Quel avenir pour le foot freestyle français ?

Dans chaque discipline récente, plus les années passent et plus les athlètes progressent. L'Homme tend toujours vers le progrès, dans tous les domaines de la vie et le sport n'y échappe pas. De la même manière que le football ne cesse de progresser sur beaucoup d'aspects grâce à des joueurs et des staffs mieux préparés, le foot freestyle progresse aussi. Cette progression pourrait par la même occasion avoir un impact sur les futurs freestylers français.

Finale de freestyle football Redbull 2020

En effet, les championnes et champions français vont sans doute perdre l'avantage qu'ils avaient sur d'autres pays où le freestyle foot n'était pas encore développé. Il faut donc s'attendre à un revirement de situation avec moins de titres à la clé comme nous l'explique Gautier Fayolle: « à vrai dire, il y a déjà un certain déclin en France. À part Mélody Donchet qui continue de performer à très haut niveau, ce qui est une très bonne nouvelle pour nous, nous remportons moins de titre qu'il y a 10 ans. Chez les garçons, il y en a 2 ou 3 qui sortent du lot avec notamment Jordan Meunier, de l'équipe Footstyle. Mais depuis que la concurrence est vraiment forte, il y a moins de titres. C'est donc aux nouvelles générations de prendre le relais. On aura peut-être quelques années de trou mais la génération qui a aujourd'hui 16-18 ans et qui a commencé le freestyle très tôt devrait ramener beaucoup de titres à la France.»
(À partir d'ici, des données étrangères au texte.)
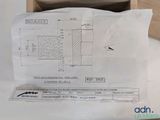 a picture of a box with a drawing on it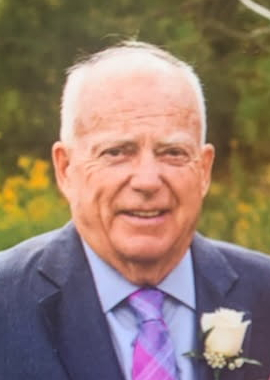 CONLON, Kenneth – Celebration of Life
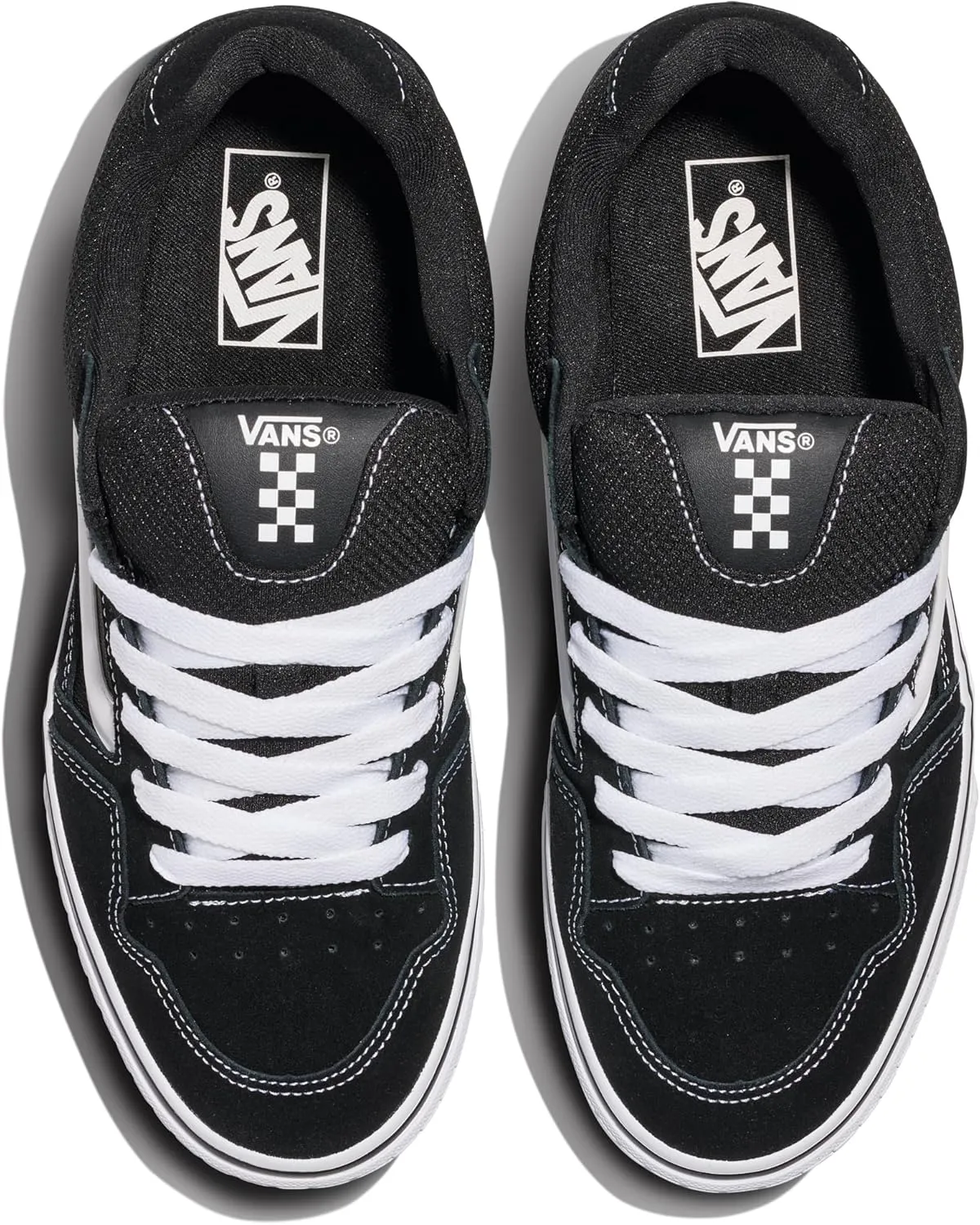 Vans Men's Caldrone Shoe
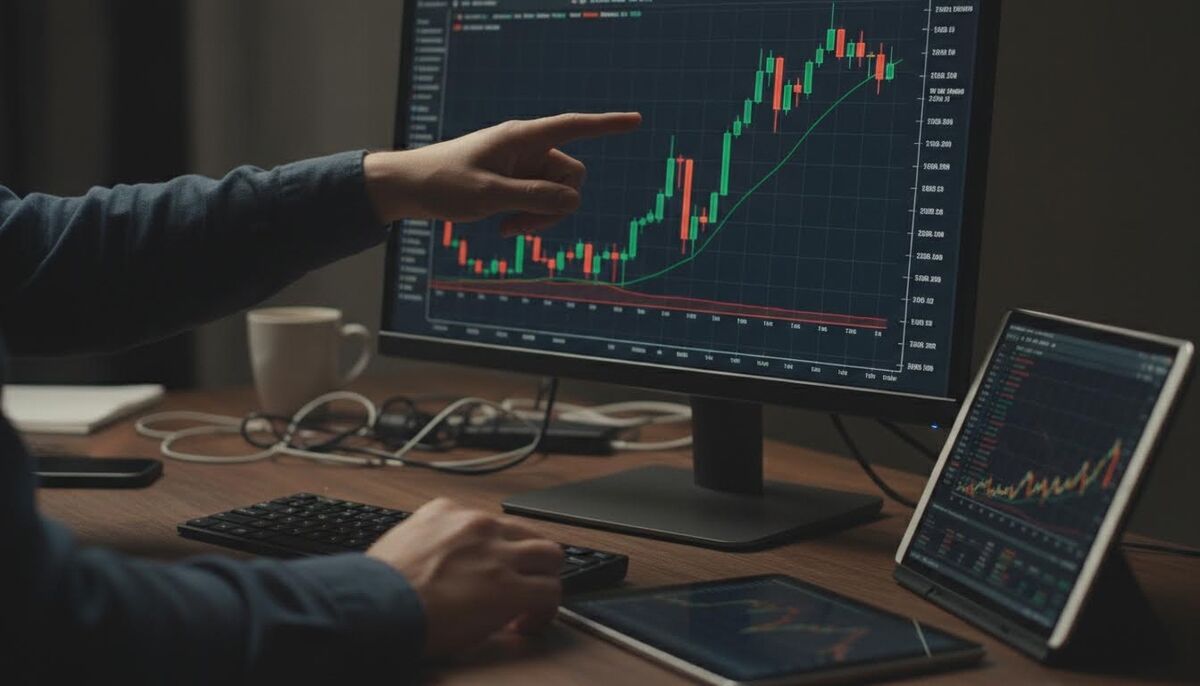 Биткоин прорвался выше $65 000 на фоне перемирия между США и Ираном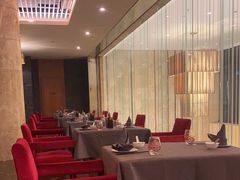 -粤尚腾香居中餐厅(首都机场希尔顿店)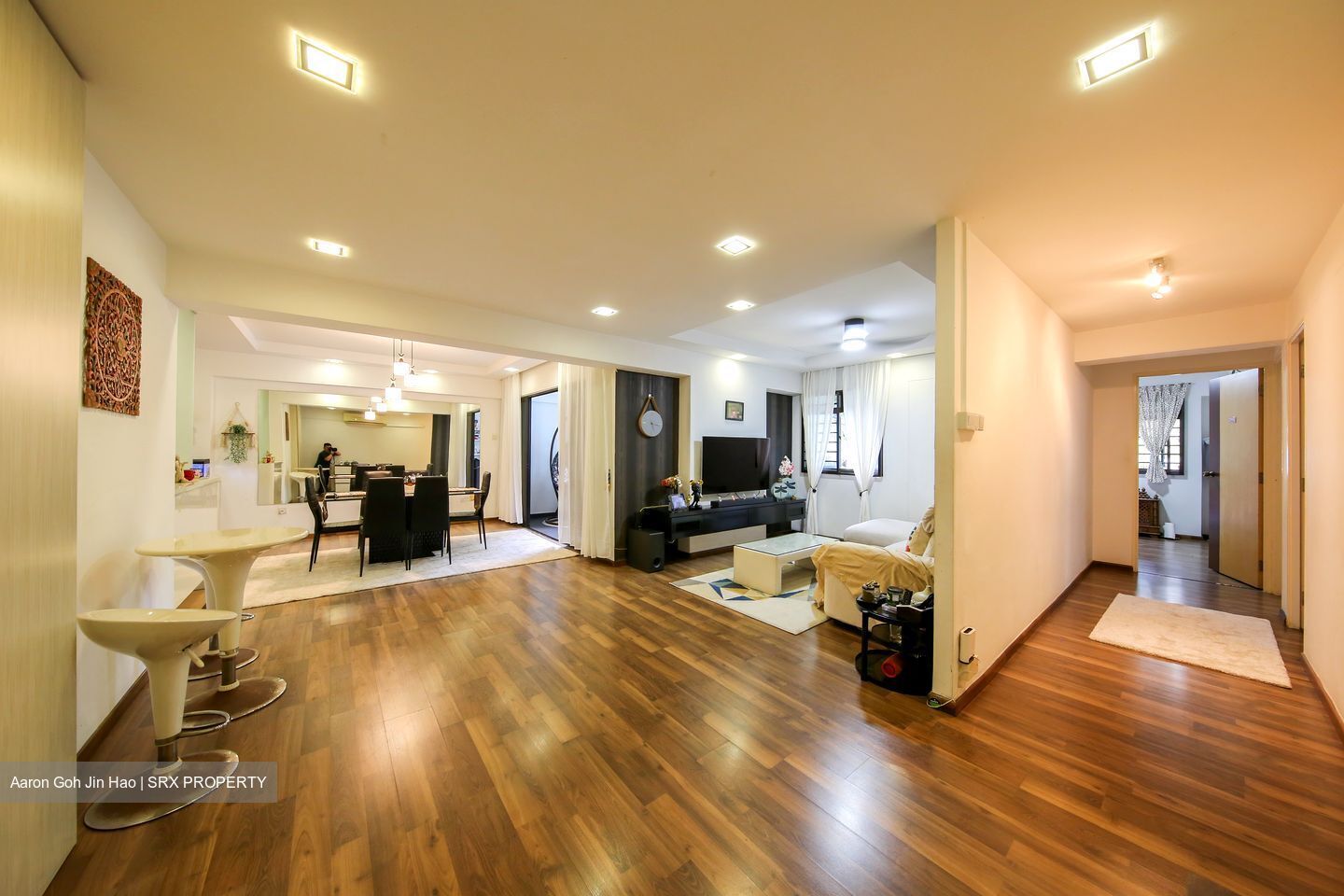 Blk 302D Anchorvale Court (Sengkang), HDB Executive #549574711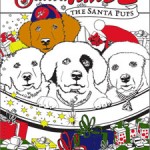 Santa Paws 2 Activity Sheet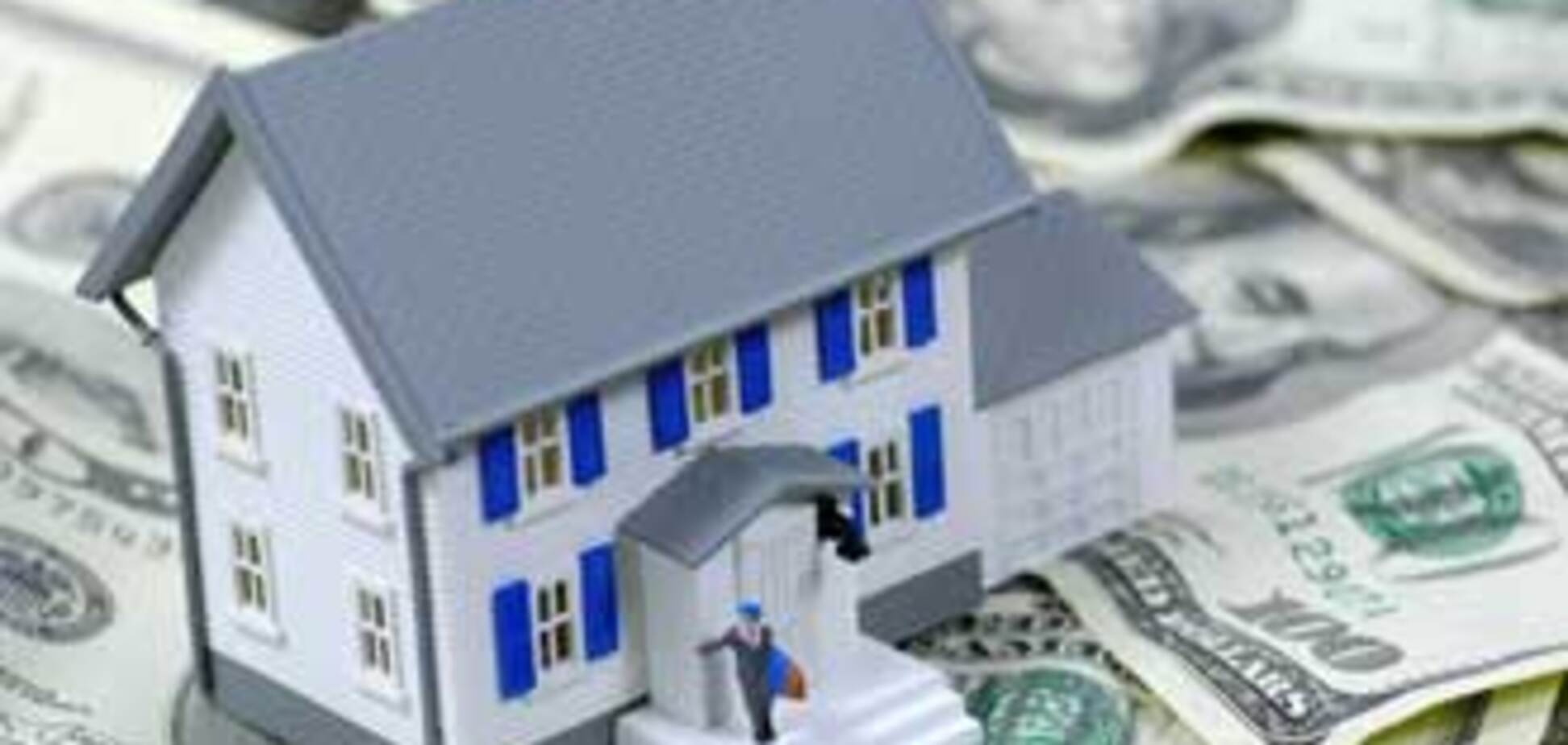 Приток инвестиций в Украину сократился на треть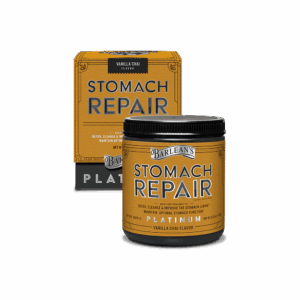 Stomach Repair - Vanilla Chai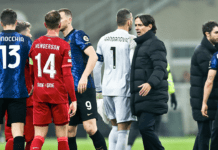 Liverpool-Inter: la notte della mission impossible ▷ “Leggero turnover per Klopp, per Inzaghi discorso diverso”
Fer de lance de la nouvelle génération, Pola Gomez reste optimiste: « avant, il n'y avait pas tous les réseaux sociaux pour regarder la progression de chacun, des tutos, des moyens d'envoyer des messages rapidement et de demander des conseils alors que les jeunes ont tous ces avantages et peuvent avoir des « mentors ». Les jeunes sont vraiment motivés pour réussir les gestes des plus grands freestylers en s'entraînant d'arrache-pied. Les freestylers de la nouvelle génération ont toutes les cartes en main pour devenir de véritables champions. » Il y a donc de bons motifs d'espoir pour que l'avenir du foot freestyle français soit encore radieux et que le ciel de la discipline reste bleu... blanc, rouge.